I took a copy of Mark's with me, and it was good for all of one question on the exam. But who knows, maybe that's the one question that puts you over the top! Might be worth it...


----------



## Solar_Chris (Mar 30, 2010)

BrianC said:


> Has anyone used the slider-crank equations given in Mark's Handbook? The equations are given in the Rotary and Reciprocating Elements section.
> I was trying to use the slider velocity equation for problem 13 of 6MS machine design, and I can't get it to give the correct answer for the life of me. It seems that all of the variables are straight forward.

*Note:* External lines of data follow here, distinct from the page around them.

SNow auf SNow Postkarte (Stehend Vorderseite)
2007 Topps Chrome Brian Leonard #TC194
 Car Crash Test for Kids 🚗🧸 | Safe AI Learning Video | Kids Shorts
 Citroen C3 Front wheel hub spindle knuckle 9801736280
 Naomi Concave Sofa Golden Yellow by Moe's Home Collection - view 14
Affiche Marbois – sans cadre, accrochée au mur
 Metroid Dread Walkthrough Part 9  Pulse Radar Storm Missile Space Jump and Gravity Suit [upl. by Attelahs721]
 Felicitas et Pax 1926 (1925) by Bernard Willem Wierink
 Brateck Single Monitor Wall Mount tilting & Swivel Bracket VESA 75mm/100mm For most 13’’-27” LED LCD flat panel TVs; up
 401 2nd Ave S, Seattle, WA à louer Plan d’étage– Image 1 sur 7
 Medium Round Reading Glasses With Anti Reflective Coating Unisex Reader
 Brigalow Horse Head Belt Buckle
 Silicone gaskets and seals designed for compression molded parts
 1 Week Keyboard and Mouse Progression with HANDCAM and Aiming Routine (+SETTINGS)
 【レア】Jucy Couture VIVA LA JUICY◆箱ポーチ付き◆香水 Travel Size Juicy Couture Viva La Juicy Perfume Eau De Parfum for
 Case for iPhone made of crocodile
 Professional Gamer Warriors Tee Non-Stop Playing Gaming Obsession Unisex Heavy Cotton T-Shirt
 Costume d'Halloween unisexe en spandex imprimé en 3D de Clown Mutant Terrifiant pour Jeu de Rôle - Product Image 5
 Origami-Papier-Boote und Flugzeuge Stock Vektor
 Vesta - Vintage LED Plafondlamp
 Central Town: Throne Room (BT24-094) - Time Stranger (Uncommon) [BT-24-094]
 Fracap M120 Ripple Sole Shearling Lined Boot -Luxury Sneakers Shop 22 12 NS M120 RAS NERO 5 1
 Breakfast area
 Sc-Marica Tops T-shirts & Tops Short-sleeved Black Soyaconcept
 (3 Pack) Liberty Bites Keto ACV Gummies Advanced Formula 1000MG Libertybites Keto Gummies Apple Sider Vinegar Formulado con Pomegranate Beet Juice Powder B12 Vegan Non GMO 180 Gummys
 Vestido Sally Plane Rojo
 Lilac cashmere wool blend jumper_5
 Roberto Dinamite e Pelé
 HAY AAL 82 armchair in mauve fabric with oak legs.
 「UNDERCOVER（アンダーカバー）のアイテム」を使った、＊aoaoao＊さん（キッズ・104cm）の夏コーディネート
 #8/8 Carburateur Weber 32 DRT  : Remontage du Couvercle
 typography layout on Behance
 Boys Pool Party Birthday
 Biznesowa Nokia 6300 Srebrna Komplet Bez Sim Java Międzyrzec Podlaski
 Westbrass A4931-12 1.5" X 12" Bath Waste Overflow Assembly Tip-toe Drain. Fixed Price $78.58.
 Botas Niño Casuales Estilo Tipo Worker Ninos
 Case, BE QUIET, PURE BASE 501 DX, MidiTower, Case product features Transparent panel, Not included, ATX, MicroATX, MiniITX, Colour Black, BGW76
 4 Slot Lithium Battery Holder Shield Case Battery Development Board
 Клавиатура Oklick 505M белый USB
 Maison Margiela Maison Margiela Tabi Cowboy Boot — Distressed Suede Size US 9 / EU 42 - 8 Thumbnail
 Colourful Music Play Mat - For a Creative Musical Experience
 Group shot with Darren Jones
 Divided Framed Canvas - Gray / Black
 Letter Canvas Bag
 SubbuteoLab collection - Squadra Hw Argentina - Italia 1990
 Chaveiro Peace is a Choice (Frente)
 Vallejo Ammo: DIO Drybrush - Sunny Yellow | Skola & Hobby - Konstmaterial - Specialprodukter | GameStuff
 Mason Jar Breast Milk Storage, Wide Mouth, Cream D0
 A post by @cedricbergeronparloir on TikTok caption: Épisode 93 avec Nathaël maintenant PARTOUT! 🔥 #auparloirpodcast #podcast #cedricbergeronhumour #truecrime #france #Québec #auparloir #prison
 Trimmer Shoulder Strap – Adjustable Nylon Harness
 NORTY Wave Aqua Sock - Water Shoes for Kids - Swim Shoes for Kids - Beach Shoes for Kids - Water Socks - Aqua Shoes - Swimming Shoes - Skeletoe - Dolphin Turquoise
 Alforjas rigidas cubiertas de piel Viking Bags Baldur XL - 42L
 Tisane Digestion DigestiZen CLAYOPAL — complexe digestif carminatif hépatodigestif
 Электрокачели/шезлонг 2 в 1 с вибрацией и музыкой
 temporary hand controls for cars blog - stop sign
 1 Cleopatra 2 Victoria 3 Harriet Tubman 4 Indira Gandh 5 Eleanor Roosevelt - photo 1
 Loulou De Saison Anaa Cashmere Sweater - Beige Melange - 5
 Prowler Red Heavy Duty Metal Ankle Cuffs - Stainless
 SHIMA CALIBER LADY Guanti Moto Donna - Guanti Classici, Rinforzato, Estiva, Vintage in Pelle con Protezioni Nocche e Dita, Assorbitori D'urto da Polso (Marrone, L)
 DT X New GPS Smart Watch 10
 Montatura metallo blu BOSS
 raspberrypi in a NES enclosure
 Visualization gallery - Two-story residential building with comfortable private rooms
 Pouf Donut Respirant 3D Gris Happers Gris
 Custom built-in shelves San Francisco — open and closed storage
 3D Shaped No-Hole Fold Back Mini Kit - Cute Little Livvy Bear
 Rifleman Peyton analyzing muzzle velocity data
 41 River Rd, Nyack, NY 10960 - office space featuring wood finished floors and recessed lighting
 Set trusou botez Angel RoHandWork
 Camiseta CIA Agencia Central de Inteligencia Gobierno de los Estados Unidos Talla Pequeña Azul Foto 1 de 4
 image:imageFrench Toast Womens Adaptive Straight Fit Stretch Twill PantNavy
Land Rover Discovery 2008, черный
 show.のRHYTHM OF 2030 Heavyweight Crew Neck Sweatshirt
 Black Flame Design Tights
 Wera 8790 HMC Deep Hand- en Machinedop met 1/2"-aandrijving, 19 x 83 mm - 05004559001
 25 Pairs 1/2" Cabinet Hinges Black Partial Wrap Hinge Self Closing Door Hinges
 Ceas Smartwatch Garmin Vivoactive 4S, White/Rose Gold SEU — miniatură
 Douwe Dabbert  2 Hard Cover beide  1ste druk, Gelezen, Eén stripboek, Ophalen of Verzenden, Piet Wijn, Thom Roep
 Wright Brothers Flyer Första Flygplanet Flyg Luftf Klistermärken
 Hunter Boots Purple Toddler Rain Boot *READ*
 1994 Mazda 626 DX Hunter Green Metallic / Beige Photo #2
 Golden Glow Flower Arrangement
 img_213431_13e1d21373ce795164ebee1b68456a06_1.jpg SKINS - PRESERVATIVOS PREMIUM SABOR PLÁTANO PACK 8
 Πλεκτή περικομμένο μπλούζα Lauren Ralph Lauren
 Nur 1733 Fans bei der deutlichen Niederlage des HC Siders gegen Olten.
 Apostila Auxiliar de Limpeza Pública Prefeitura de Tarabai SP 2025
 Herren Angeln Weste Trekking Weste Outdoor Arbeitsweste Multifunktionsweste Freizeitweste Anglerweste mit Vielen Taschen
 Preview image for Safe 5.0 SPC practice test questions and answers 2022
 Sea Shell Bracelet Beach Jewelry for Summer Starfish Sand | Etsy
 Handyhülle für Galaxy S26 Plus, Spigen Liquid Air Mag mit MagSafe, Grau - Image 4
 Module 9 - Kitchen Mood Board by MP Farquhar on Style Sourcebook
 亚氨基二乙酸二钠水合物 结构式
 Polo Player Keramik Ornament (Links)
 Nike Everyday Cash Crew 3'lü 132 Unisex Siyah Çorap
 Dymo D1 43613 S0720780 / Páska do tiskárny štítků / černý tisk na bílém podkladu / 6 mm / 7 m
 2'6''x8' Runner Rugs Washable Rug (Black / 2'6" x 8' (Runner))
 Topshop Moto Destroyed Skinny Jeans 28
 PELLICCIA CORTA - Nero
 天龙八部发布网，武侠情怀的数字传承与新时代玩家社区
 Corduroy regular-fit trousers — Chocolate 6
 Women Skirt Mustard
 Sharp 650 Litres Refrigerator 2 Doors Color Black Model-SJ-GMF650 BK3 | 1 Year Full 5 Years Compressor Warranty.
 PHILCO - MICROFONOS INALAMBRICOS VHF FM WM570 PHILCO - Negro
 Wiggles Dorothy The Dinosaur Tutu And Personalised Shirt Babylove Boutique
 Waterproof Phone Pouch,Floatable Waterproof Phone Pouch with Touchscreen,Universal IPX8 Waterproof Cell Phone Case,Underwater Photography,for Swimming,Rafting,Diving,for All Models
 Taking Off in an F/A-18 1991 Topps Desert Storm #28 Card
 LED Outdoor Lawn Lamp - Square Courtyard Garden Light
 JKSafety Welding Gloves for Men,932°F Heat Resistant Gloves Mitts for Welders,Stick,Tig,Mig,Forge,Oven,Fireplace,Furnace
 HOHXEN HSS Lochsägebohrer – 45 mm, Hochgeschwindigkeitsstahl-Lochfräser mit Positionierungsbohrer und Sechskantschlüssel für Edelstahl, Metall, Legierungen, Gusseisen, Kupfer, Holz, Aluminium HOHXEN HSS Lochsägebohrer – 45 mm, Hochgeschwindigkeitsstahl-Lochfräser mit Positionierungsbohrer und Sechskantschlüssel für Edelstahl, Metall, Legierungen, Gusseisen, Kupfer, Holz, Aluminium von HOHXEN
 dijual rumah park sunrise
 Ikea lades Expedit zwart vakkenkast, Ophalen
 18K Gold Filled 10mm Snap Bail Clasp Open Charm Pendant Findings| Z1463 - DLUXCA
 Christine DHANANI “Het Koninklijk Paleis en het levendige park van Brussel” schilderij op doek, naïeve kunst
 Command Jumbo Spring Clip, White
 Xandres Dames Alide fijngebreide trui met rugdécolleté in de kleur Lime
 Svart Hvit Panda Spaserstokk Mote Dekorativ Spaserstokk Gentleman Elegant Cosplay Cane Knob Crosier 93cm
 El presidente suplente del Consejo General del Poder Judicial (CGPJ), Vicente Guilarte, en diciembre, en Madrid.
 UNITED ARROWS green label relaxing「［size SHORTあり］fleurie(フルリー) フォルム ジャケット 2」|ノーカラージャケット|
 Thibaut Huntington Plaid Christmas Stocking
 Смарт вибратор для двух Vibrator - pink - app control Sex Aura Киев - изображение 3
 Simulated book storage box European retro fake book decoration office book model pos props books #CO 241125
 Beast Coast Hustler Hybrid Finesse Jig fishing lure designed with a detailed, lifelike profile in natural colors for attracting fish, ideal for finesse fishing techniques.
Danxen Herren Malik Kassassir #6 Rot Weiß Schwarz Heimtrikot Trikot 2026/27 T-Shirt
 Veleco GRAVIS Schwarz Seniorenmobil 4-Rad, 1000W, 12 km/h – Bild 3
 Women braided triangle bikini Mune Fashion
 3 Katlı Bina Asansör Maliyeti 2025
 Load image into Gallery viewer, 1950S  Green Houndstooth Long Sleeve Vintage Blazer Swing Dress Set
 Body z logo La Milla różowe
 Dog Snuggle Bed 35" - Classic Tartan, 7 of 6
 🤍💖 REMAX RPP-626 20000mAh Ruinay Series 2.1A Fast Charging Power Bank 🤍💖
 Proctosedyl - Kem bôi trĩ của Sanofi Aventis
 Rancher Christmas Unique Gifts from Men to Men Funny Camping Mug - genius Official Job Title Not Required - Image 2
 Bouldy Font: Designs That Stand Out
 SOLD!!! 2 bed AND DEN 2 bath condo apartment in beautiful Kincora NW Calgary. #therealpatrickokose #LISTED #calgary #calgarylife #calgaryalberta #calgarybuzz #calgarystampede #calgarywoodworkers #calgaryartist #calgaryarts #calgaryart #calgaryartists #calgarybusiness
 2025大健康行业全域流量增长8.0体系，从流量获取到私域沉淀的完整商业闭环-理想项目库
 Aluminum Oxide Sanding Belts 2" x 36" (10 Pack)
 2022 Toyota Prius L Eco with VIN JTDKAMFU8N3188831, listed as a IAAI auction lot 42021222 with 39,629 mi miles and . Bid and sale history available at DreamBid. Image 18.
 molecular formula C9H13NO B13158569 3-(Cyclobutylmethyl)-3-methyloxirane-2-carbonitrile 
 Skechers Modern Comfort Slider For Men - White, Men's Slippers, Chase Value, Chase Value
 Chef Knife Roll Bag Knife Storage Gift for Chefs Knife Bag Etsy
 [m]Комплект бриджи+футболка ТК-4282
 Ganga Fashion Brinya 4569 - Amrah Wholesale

I thought the equations would be quick to use for basic slider cranks, but no luck so far.
> 
> I am able to solve the problem using instantaneous centers and trig, but from I was hoping the Mark's equation would save some time. Any thoughts?




I believe that the solution to the slider crank problem is wrong in the 6 minute solutions book 2nd edition. It says that the arm BC rotates around its instantaneous center, point C with the same angular velocity as the crank. That is a FALSE statement. If that were true then the distance from point B to Point C would always be the same as the crank arm since point B cannot have two different velocities.

I have found so many mistakes in the 6 minute solutions for Machine Design that I double check every single solution that is presented in the book with the MERM and/or other reference materials. There are currently no Errata posted for the 2nd edition 2nd printing on PPI's website which is really bugging me.


----------



## BrianC (Mar 30, 2010)

Thanks Chris. I will have to spend some more time reviewing slider-cranks. I was able to find a simple calculator on-line that gave a result that matched Mark's equation. This makes me believe you are correct about the mistake in 6MS. Now I just have understand the details of my mistake.

Do you have a list of problems that you think may have mistakes? I will be starting the depth section of 6MS this evening.


----------



## BrianC (Mar 30, 2010)

I have found the error of my way Chris. The 6MS answer is definitely wrong. I am happy to see that proper IC technique and Mark's match up. In the end, I got ~ 6 ft/s (73 in/s) for the slider velocity.


----------